Begin your copy at the line with "Fort Knox Executive 6026 Gun Safe" in the records below and end it at the line with "Apartamento, 2 quartos, 60 m² - Foto 8", restating each line word for word; omit the pictures.

## MATERIAL FOR THE TASK
◆ ◆ ◆ ◆ ◆

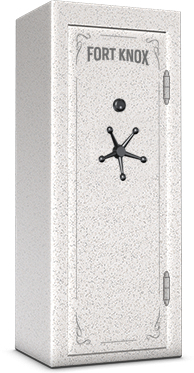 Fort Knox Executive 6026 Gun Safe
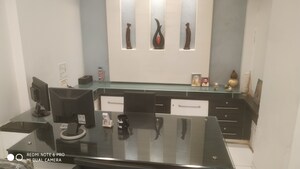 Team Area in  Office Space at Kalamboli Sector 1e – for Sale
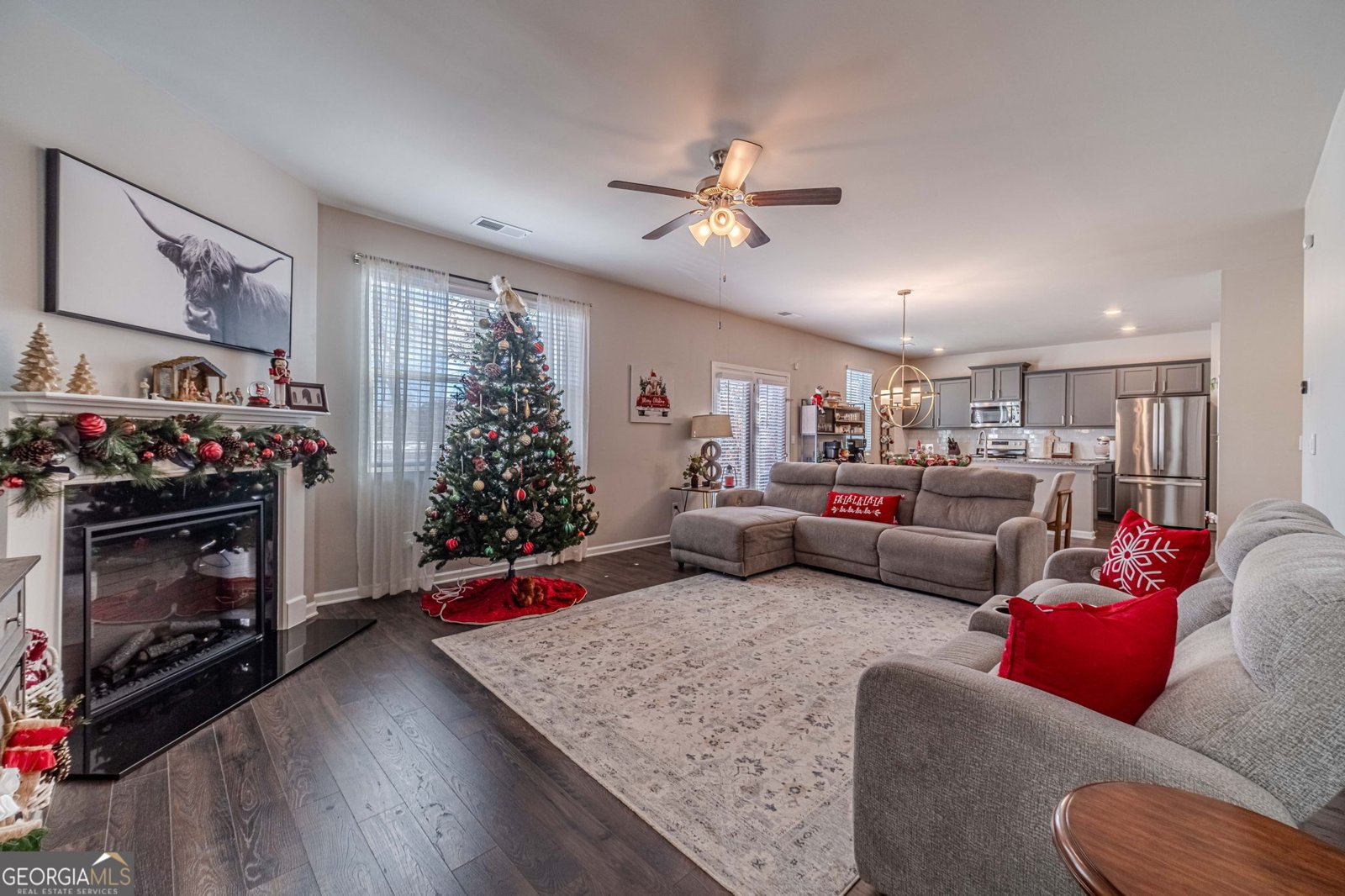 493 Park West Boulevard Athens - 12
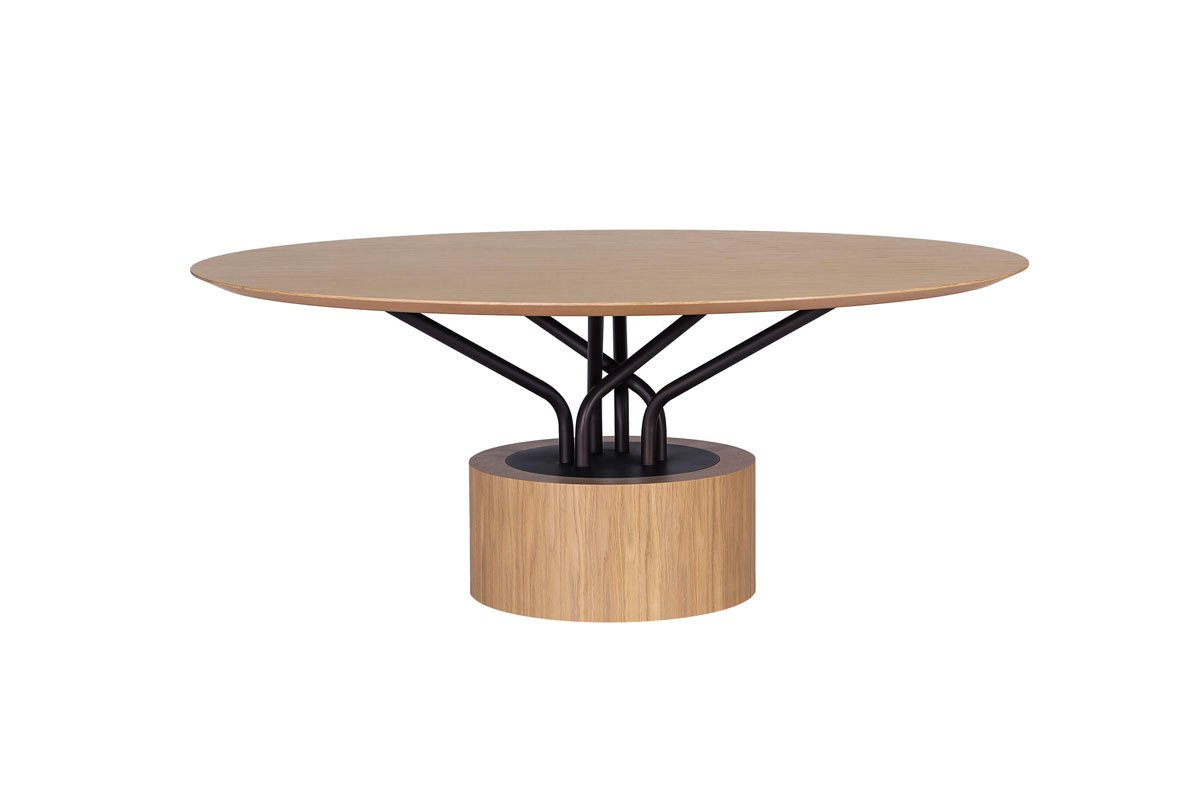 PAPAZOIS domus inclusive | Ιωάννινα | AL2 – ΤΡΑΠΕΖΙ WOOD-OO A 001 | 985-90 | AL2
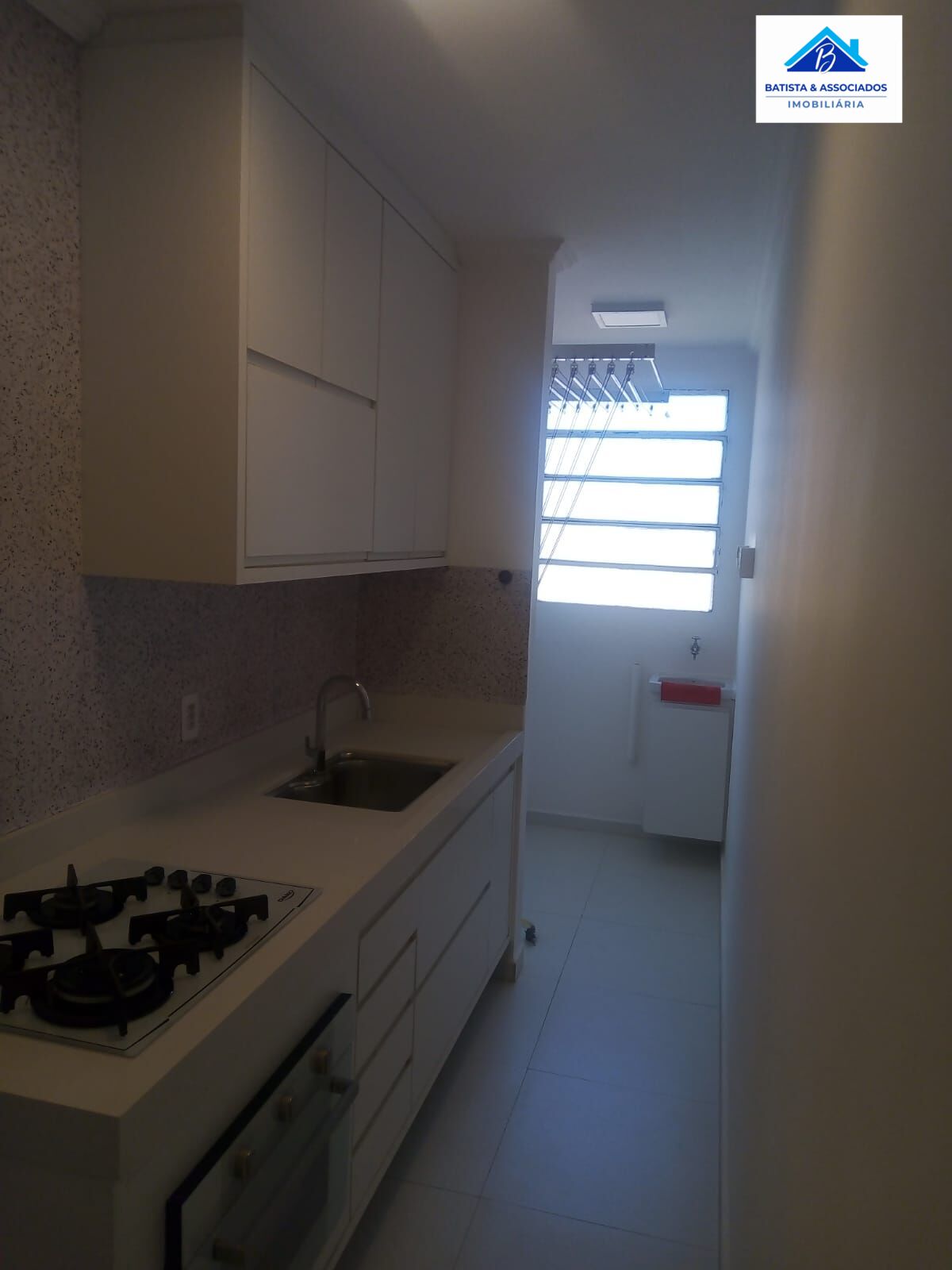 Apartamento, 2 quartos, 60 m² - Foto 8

◆ ◆ ◆ ◆ ◆

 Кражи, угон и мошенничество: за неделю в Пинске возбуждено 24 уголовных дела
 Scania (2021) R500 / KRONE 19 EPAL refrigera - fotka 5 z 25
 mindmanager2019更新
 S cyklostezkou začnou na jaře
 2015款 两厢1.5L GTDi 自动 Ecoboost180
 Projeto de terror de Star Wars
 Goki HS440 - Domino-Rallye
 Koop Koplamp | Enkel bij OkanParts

◆ ◆ ◆ ◆ ◆

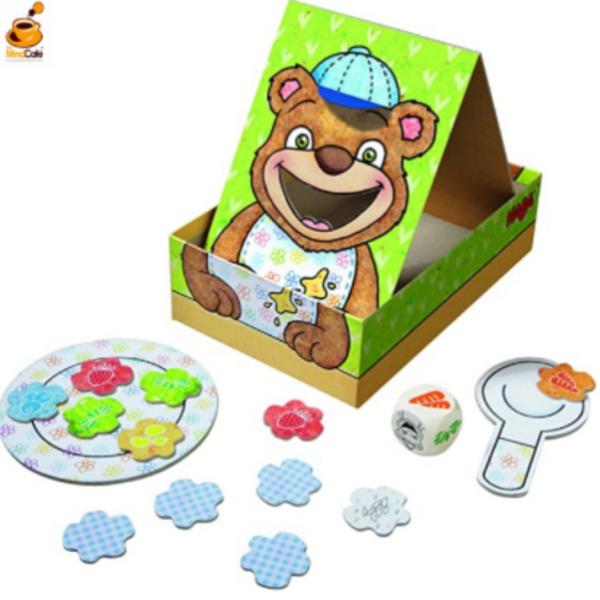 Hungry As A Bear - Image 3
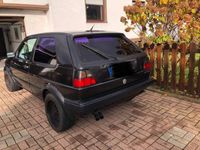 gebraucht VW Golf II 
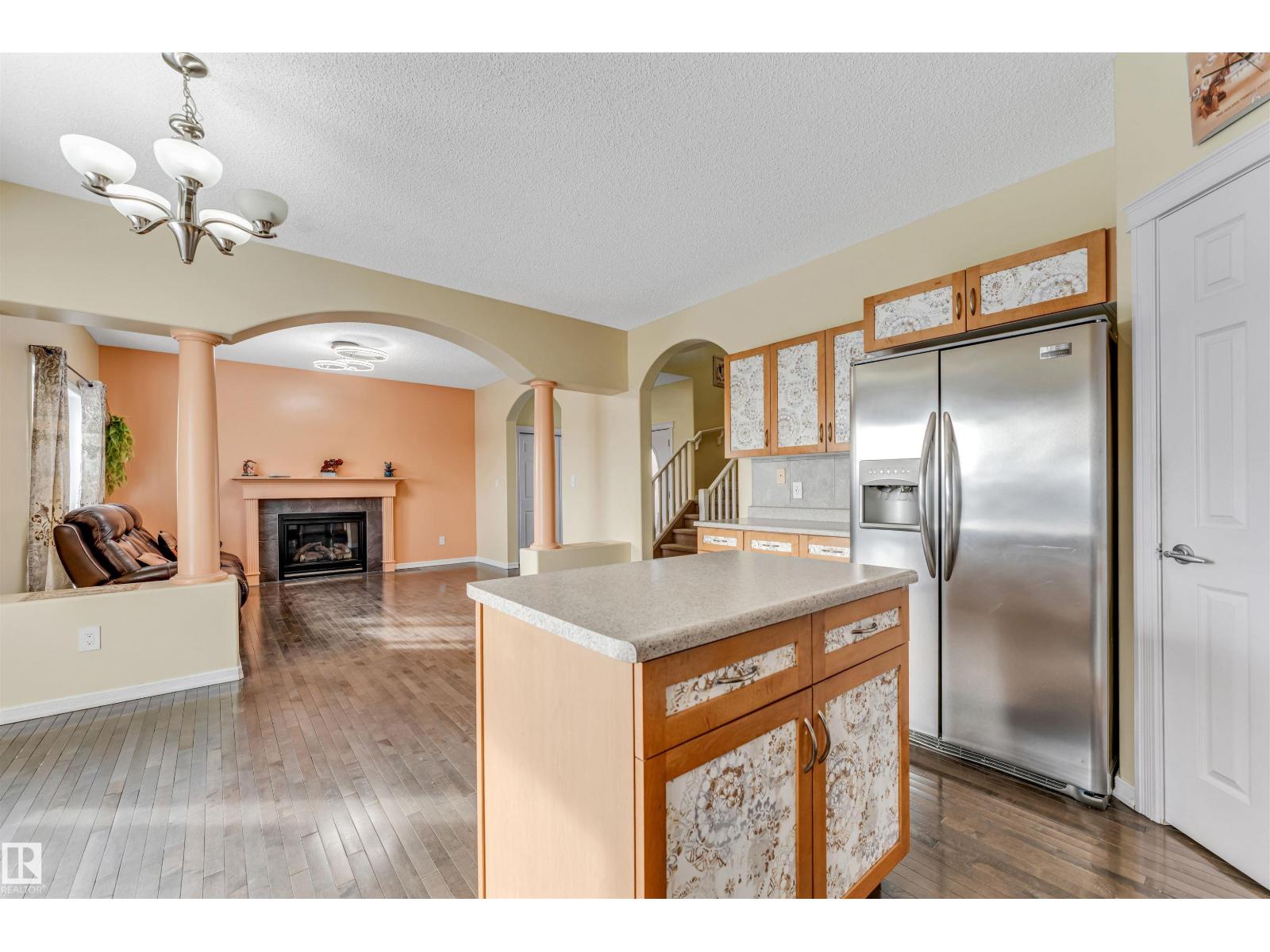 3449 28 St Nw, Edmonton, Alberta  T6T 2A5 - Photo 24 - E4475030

◆ ◆ ◆ ◆ ◆

## WRITTEN ANSWER
 Fort Knox Executive 6026 Gun Safe
 Team Area in  Office Space at Kalamboli Sector 1e – for Sale
 493 Park West Boulevard Athens - 12
 PAPAZOIS domus inclusive | Ιωάννινα | AL2 – ΤΡΑΠΕΖΙ WOOD-OO A 001 | 985-90 | AL2
 Apartamento, 2 quartos, 60 m² - Foto 8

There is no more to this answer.